"ARTE DE PROVOCAR INQUIETAÇÃO"
Breve biografia de Adriana Focas
“Minha primeira referência de bonecos foi o Vila Sésamo, na televisão. Para mim, este era um gênero que só existia para crianças, naquele formato. Estudei teatro no Circo Voador, na Casa de Artes das Laranjeiras, e fiz cursos livres na Casa do Estudante Universitário e no Núcleo Artístico da Urca, que são escolas do Rio de Janeiro, onde passei toda minha adolescência. O teatro foi uma recomendação para eu me libertar da timidez e realmente deu certo. Eu tinha acabado de deixar Belo Horizonte para morar numa cidade como o Rio de Janeiro e achava tudo chato, não gostava dos colegas nem do ambiente social da Zona Sul. O Circo Voador foi a minha salvação.

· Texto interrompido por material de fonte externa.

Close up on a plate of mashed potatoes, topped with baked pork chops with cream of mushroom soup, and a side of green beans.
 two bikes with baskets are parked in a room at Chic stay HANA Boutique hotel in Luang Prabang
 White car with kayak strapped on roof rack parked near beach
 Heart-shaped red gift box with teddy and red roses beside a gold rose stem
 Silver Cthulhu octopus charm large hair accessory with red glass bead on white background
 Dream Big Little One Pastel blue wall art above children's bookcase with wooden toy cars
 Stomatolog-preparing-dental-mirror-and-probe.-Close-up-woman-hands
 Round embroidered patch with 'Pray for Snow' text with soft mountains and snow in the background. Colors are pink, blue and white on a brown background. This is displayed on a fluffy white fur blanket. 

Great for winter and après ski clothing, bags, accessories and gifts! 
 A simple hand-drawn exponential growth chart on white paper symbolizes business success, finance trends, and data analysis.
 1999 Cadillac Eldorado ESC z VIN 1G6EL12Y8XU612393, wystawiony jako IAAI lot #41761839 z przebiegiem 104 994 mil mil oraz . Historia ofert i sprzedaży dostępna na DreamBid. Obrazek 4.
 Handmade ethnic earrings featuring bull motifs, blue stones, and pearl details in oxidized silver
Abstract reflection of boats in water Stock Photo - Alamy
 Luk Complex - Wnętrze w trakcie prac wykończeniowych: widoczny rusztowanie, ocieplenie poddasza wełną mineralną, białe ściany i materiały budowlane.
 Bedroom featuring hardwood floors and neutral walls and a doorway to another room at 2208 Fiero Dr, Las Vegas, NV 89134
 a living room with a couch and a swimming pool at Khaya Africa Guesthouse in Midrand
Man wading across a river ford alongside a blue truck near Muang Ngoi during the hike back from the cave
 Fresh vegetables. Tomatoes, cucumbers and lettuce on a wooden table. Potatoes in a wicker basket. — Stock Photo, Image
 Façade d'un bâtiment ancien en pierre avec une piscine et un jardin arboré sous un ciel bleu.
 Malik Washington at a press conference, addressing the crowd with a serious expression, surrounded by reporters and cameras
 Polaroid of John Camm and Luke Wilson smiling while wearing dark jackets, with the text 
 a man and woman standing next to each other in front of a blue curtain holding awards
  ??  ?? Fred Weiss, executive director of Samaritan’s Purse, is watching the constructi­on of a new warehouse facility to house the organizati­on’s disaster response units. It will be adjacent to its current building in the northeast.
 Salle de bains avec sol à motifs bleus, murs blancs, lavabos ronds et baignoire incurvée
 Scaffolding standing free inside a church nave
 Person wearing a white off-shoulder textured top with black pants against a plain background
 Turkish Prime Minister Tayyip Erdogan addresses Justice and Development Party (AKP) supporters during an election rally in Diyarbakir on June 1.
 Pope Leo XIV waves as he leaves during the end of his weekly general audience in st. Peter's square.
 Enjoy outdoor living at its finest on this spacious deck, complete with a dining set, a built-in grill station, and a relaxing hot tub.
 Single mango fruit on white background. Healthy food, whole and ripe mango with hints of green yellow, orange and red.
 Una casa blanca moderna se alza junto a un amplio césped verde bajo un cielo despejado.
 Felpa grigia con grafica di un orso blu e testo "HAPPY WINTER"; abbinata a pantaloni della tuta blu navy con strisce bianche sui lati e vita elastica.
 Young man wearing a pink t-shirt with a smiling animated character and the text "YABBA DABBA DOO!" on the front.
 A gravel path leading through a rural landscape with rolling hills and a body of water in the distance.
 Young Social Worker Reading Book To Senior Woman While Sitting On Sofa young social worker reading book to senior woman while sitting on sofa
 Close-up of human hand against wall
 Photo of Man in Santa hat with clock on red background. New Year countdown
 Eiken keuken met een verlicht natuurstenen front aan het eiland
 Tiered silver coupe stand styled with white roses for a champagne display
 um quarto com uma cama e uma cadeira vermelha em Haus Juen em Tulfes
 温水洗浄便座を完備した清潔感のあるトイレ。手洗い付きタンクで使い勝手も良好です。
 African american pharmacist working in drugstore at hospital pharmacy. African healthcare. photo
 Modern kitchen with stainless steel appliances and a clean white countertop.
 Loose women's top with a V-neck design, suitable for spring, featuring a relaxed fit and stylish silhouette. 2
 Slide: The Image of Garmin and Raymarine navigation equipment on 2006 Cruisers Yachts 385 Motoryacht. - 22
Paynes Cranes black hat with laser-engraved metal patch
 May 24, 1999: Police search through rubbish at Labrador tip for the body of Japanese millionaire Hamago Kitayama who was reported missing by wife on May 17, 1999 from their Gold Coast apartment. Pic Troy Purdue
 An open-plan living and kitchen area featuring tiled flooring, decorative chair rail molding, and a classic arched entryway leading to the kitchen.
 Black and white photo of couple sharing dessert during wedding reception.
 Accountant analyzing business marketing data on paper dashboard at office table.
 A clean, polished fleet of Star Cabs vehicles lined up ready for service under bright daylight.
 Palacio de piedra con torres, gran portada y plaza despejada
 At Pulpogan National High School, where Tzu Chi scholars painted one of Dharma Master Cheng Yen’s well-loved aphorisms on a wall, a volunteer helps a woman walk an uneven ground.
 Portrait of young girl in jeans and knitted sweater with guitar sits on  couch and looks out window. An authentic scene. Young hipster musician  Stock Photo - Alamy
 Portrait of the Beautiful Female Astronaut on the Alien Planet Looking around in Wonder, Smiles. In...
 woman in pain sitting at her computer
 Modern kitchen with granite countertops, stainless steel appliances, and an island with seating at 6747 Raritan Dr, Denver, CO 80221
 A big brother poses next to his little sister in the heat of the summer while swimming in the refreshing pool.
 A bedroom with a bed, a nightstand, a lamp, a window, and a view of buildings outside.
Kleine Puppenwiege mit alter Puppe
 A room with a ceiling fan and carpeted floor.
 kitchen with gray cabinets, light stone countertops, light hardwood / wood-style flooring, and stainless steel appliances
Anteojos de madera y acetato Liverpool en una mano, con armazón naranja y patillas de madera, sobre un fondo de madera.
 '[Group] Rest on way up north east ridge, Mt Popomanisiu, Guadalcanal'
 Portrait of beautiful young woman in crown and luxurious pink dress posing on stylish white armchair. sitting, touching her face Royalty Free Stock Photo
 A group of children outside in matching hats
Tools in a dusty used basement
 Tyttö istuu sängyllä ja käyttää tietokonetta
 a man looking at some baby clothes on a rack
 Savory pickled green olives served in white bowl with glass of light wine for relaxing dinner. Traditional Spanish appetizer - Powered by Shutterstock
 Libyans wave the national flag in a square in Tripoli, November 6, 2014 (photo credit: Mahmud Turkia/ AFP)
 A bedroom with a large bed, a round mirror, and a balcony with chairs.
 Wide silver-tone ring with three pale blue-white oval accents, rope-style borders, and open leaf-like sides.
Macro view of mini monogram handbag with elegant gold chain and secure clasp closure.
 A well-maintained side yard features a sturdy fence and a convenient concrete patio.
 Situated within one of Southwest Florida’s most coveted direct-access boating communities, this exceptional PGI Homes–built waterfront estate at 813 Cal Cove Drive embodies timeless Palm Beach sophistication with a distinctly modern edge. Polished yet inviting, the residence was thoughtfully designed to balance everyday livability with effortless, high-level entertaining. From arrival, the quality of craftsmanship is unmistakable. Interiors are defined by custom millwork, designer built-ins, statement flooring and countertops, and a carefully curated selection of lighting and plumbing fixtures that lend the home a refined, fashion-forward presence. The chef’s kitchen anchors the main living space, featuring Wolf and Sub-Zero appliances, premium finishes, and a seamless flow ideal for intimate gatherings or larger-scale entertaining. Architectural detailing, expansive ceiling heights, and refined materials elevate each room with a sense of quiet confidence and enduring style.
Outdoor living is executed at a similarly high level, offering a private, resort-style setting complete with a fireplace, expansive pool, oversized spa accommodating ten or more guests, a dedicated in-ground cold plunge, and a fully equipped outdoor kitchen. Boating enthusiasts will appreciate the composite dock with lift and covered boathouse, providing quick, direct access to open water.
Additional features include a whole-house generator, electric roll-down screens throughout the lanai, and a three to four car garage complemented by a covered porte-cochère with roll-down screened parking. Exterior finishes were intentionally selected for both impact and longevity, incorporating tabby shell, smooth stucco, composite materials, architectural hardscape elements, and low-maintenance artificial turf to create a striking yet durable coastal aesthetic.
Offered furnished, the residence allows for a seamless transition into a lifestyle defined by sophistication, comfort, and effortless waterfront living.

Prestei vestibular para cinema, mas logo retornei a Minas Gerais e prestei vestibular em Comunicação na UFMG. Na Fafich, assisti a um espetáculo do Grupo Galpão, com bonecos. Aquilo foi uma descoberta, embora a peça tivesse um caráter descompromissado. Em 1988, Lelo montou “O dragão que queria ver o mar” e eu entrei na produção, primeiro para colaborar, mas em pouco tempo já atuava profissionalmente na equipe. Então veio a Catibrum e o teatro de bonecos passou a ser algo surpreendente para mim. O encantamento que ele provoca envolve todo mundo. Em “O baile do Menino Deus” passei à manipulação. De repente, inverteu o raciocínio porque era necessário dar vida a outro personagem sem perder a consciência corporal do ator. Era uma experiência nova. Continua
A manipulação faz o artista perder a vaidade porque ele tem que transferir tudo ao boneco, que passa a ser o centro das atenções. Aprendi com mestres mamulengueiros que o boneco tem personalidade, vontade própria, com carisma muitas vezes maior que o de um ator. Isso, porque tem possibilidades infinitas, num corpo que não tem os limites do humano. Essa capacidade é o que mais me atrai nesta arte. Em pouco tempo veio o Festival, e fiquei completamente absorvida com a produção.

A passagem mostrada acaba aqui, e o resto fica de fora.